I'm reading Hans Kurzweil's "The Theory of Finite Groups", in 1.6.2 (b) it's claimed that let $G=G_1\times G_2$, one has $G'=G_1'\times G_2'$ because:
$$\begin{align} G'&=[G_1G_2,G_1G_2]\\ &=\prod_{i,j}[G_i,G_j]\\ &=G_1'\times G_2'. \end{align}$$
Here $G'$ is the commutator subgroup defined as $$G':= \langle [x,y] | x,y \in G\rangle,$$ and $$[x,y]:=x^{-1}y^{-1}xy.$$
However, I'm a bit confused here about the proof.

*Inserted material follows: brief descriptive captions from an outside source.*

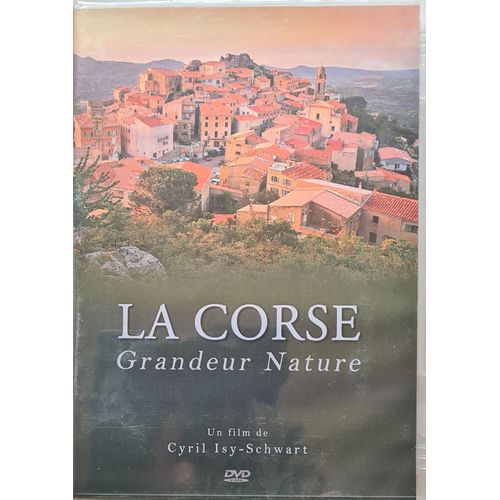 La Corse Grandeur Nature
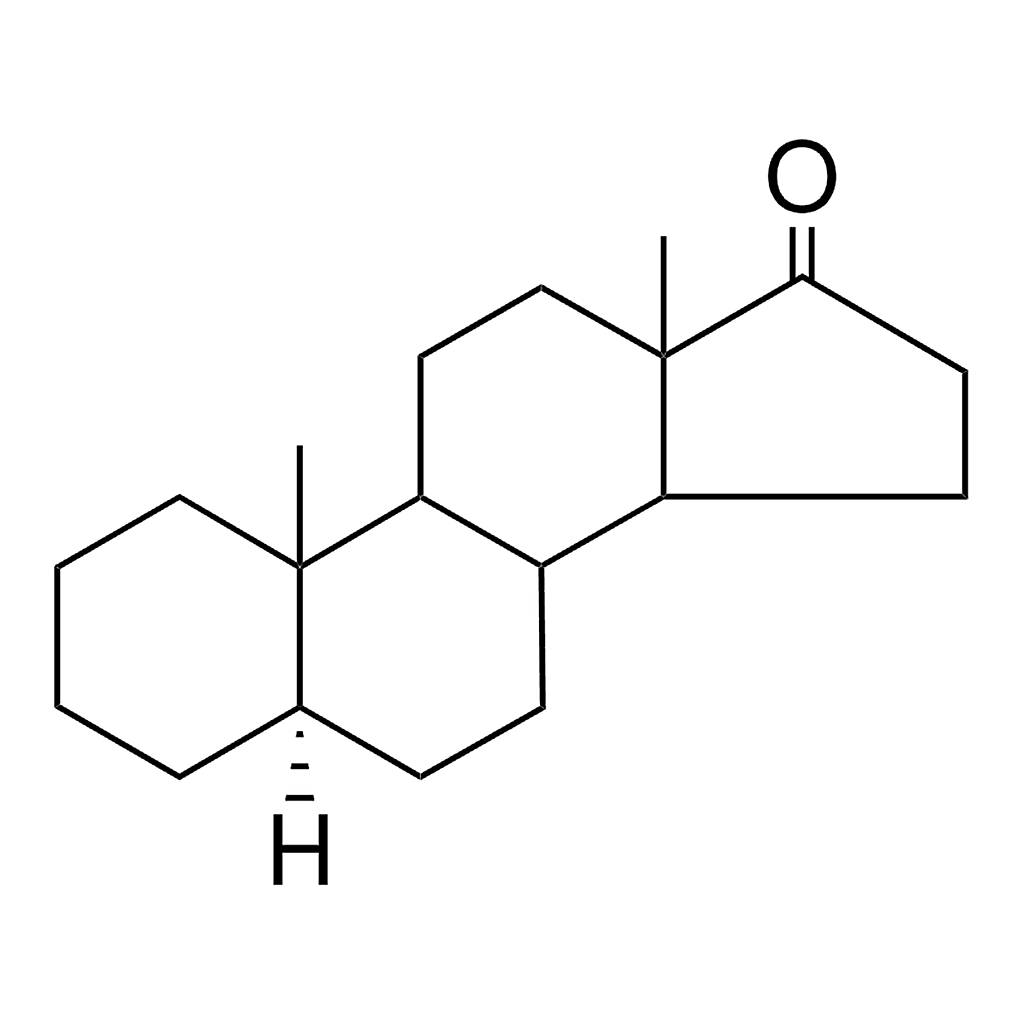 Merck 5-ALPHA-ANDROSTAN-17-ONE - 1 MG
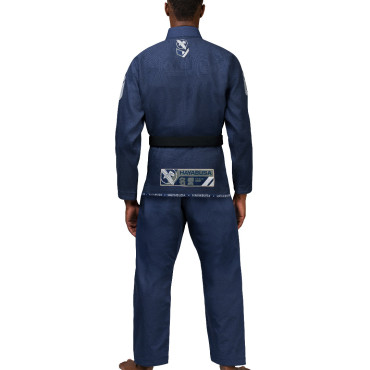BJJ kimono Hayabusa Ascend Lightweight - modré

First, what does it mean by $\prod_{i,j}[G_i,G_j]$, is it $[G_1,G_1][G_1,G_2][G_2,G_1][G_2,G_2]$?
Second, why $[G_1G_2,G_1G_2]=\prod_{i,j}[G_i,G_j]$?
With $$G'=\langle [a_1b_1,a_2b_2] | a_1,a_2\in G, b_1, b_2 \in G_2 \rangle,$$ I can't move all $G_1$ part to the left side without changing the element $a_1,a_2,b_1,b_2$, because in general $a_1b_1\ne b_1a_1$.